◆ Listed entries
========================================================================

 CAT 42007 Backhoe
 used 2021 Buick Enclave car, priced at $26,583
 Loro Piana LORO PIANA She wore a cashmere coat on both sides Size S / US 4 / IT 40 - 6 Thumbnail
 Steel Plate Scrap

========================================================================

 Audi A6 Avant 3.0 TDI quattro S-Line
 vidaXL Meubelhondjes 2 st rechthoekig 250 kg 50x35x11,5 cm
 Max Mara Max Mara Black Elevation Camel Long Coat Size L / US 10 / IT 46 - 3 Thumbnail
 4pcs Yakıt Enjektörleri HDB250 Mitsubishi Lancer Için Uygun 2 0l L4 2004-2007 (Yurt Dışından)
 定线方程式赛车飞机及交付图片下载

========================================================================

◆ Problem statement
Look through the records and gather every line containing "Size".

◆ Output of the task
 Loro Piana LORO PIANA She wore a cashmere coat on both sides Size S / US 4 / IT 40 - 6 Thumbnail
 Max Mara Max Mara Black Elevation Camel Long Coat Size L / US 10 / IT 46 - 3 Thumbnail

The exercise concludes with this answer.